Klein and Cohen stressed that Velociraptor is a work in progress and that they’re seeking feedback from people using it on real world cases. Learn more at www.velocidex.com!
The summit’s final tool talk was delivered by Elyse Rinne, Software Engineer, and Andy Wick, Senior Principal Architect, both a part of Verizon Media’s “Paranoids” information security team. Their talk focused on using the open source full packet capture system, Moloch, to “find badness.”

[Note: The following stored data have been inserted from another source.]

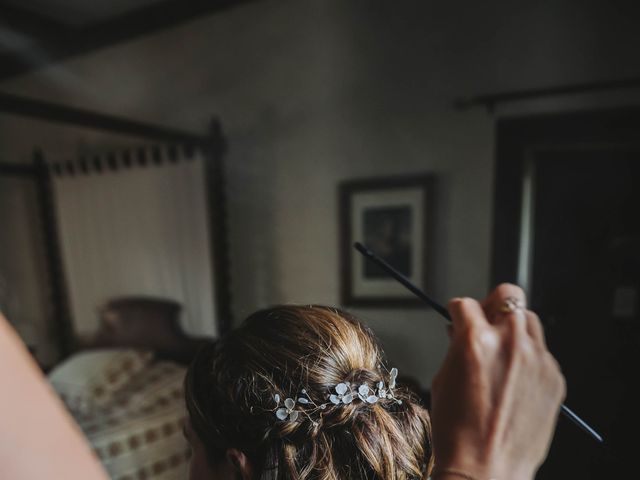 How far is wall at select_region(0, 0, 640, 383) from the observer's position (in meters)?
1.17

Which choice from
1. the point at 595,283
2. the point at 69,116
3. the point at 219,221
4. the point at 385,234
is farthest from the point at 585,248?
the point at 69,116

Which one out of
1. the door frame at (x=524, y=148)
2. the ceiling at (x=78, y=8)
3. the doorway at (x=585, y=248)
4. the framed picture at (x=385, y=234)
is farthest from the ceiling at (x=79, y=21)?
the doorway at (x=585, y=248)

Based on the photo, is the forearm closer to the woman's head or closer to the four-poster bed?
the woman's head

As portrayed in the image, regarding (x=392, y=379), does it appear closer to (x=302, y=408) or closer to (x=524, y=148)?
(x=302, y=408)

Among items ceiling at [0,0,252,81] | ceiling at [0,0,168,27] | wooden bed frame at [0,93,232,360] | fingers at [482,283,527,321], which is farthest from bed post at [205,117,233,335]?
fingers at [482,283,527,321]

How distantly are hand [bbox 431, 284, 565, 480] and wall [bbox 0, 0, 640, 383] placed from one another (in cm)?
106

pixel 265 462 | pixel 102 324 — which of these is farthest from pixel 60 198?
pixel 265 462

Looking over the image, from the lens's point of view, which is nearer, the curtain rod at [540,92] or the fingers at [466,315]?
the fingers at [466,315]

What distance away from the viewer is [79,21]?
202 centimetres

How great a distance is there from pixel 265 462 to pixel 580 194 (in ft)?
3.30

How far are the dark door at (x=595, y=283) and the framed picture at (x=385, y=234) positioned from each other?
0.41 metres

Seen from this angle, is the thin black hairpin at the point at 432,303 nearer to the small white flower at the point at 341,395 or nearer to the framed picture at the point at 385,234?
the small white flower at the point at 341,395

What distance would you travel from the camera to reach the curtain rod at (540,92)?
102cm

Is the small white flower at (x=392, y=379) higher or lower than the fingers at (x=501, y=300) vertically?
lower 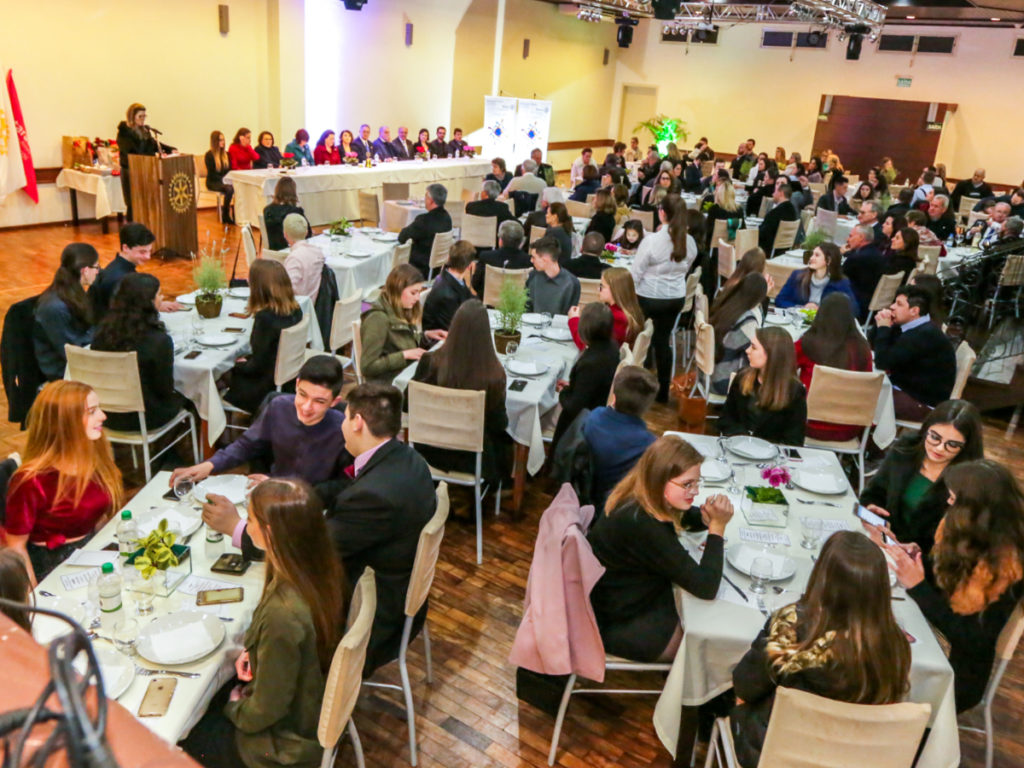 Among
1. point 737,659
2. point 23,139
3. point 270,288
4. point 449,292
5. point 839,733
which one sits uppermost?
point 23,139

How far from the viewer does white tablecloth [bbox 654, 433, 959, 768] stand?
2566 mm

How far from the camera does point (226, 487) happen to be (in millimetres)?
3092

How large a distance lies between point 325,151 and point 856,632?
39.8 feet

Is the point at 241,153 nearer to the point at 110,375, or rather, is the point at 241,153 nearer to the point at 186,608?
the point at 110,375

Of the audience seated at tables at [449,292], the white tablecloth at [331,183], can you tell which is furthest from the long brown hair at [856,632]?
the white tablecloth at [331,183]

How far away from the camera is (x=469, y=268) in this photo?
5.50 m

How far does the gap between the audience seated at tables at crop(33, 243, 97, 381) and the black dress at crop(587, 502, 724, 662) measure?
327 cm

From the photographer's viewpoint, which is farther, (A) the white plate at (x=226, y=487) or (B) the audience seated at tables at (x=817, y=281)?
(B) the audience seated at tables at (x=817, y=281)

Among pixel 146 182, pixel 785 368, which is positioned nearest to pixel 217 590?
pixel 785 368

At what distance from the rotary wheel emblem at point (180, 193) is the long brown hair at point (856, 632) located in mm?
9126

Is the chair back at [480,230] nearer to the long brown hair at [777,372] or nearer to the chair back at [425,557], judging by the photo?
the long brown hair at [777,372]

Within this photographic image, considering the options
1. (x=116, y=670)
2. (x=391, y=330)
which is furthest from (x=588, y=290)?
(x=116, y=670)

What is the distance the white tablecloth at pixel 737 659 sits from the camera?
2566mm

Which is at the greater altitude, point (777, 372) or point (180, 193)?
point (777, 372)
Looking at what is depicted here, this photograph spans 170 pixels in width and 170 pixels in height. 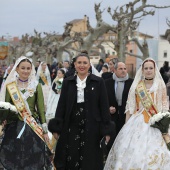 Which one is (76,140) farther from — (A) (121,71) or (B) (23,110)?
(A) (121,71)

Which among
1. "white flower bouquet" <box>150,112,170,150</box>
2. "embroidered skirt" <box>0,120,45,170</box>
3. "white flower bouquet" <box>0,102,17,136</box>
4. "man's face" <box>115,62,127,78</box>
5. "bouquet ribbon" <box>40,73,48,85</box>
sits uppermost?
"man's face" <box>115,62,127,78</box>

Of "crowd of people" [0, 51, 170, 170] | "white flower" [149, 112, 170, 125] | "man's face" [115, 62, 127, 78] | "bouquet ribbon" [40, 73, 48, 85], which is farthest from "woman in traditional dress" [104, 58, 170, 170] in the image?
"bouquet ribbon" [40, 73, 48, 85]

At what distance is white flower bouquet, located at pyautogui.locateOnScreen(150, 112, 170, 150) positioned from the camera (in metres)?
6.02

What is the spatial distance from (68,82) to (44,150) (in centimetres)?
94

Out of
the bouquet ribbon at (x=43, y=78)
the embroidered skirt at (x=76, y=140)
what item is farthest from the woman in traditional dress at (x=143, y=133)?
the bouquet ribbon at (x=43, y=78)

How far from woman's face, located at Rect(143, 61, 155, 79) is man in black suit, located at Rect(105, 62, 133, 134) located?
98 cm

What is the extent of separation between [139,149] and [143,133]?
10.5 inches

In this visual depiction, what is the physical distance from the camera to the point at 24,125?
19.2 ft

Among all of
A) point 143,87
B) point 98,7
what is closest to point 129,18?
point 98,7

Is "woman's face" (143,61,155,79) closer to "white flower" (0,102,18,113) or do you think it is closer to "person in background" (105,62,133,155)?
"person in background" (105,62,133,155)

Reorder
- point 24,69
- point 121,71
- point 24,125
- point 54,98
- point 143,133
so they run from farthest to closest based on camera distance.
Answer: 1. point 54,98
2. point 121,71
3. point 143,133
4. point 24,69
5. point 24,125

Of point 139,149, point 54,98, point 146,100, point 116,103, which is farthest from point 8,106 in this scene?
point 54,98

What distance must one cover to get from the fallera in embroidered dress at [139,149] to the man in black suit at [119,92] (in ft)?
3.22

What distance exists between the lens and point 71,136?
5.72 metres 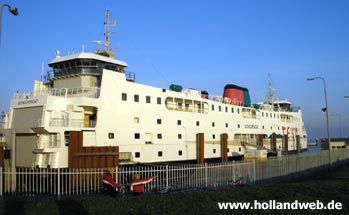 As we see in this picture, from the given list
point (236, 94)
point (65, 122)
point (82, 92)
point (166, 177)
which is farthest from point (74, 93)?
point (236, 94)

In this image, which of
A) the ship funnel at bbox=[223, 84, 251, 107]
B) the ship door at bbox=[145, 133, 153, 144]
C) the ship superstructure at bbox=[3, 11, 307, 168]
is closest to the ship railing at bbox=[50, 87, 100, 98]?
the ship superstructure at bbox=[3, 11, 307, 168]

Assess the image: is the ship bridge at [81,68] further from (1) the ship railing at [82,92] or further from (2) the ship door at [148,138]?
(2) the ship door at [148,138]

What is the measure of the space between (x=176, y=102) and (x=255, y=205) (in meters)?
21.0

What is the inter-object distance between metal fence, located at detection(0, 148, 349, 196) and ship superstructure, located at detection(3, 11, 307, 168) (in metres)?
1.75

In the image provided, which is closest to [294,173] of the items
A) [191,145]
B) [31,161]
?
[191,145]

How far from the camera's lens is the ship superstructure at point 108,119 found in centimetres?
2197

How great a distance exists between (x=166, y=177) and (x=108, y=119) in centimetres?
1019

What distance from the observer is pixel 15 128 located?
23.2 meters

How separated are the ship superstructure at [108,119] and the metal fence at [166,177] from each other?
1750 millimetres


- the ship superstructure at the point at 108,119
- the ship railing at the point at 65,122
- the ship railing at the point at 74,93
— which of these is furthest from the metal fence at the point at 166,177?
the ship railing at the point at 74,93

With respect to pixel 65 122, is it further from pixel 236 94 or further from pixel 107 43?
pixel 236 94

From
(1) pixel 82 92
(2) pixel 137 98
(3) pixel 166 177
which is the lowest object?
(3) pixel 166 177

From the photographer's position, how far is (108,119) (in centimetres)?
2448

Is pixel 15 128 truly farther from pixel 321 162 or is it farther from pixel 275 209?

Moloch’s capabilities complement what you already have. By inserting it between the network and the internet, you can then store the data on machines with sufficiently large disk space to use later for hunting and incident review. In addition, Rinne and Wick talked about packet hunting, or searching for things within packets themselves.
The Paranoids’ future work will include data visualizations, protocols, cloud, and so on. Meanwhile, Moloch has a large and sustained user community, including an active Slack channel and in-person local meetups. In addition, molochON will be held October 1 in Sunnyvale, California. Learn more at Molo.ch.
The summit’s artifacts talks ranged widely across platforms: Windows, Mac, iOS, Android, and even email. These talks followed the theme of answering questions that may arise during casework.
The first artifacts discussion went in depth on AmCache investigation. Blanche Lagny, a Digital Forensic Investigator with France’s Agence Nationale de la Sécurité des Systèmes d’Information (ANSSI, translated to National Agency for Information Systems Security), described how the AmCache — a Windows feature since v7 — stores metadata.
Although tools like AmCacheParser and RegRipper parse the AmCache, there’s a lack of documentation, and interpretation isn’t as easy as it might appear. Lagny’s published technical report offers this kind of reference.
Covering three different scenarios, Lagny described how AmCache behaves differently across Windows 8, Windows 10 Redstone 1, and Windows 10 Redstone 3, and how because the artifacts keep changing, it’s imperative to look at every file so you don’t miss important information. Overall, AmCache can be considered a “precious asset” in investigations because it stores data about executed binaries, drivers, executables, Office versions, operating system, etc.
Windows 10 compressed memory was the subject of a presentation by two FireEye Labs Advanced Reverse Engineering (FLARE) reverse engineers, Omar Sardar and Blaine Stancill. They described how modern operating systems compress memory to fit as much into RAM as possible, and why: the system can use multiple cores and perform simultaneous work, and the capability allows flexible kernel deployment.
However, the memory forensics tools Volatility and Rekall couldn’t read compressed pages. Sardar and Stancill described how they integrated their research into both tools, creating a new layer in Volatility and a new address space in Rekall. They rounded out their presentation with an example of how their plugin found critical pieces of information — a new mutex, handles, shell codes, MZ payload signs, and payload strings — about a piece of malware, an orphan file with its own DLL.
Sardar and Stancill hosted the Flare-on.com challenge at Blackhat, and have made their research available on Github — look for Win10_volatility, win10_rekall, flare-vm, and commando-vm scripts. In addition, find a video with added description from Andrea Fortuna.
Bridging the gap between Windows and Mac was a presentation by Nicole Ibrahim, Senior Associate of Cyber Response at KPMG, who focused on MacOS DS_Stores — as she put it, “like shellbags, but for Macs.”
Ibrahim focused on how the existence of this artifact indicates that a given folder was accessed, as well as how access happened, because it requires Finder GUI interaction. The Finder uses .DS_Stores to restore a folder view, of course, but its relevance to an investigation is its indication of how a user interacted with a folder — created, expanded, opened in a new tab, etc.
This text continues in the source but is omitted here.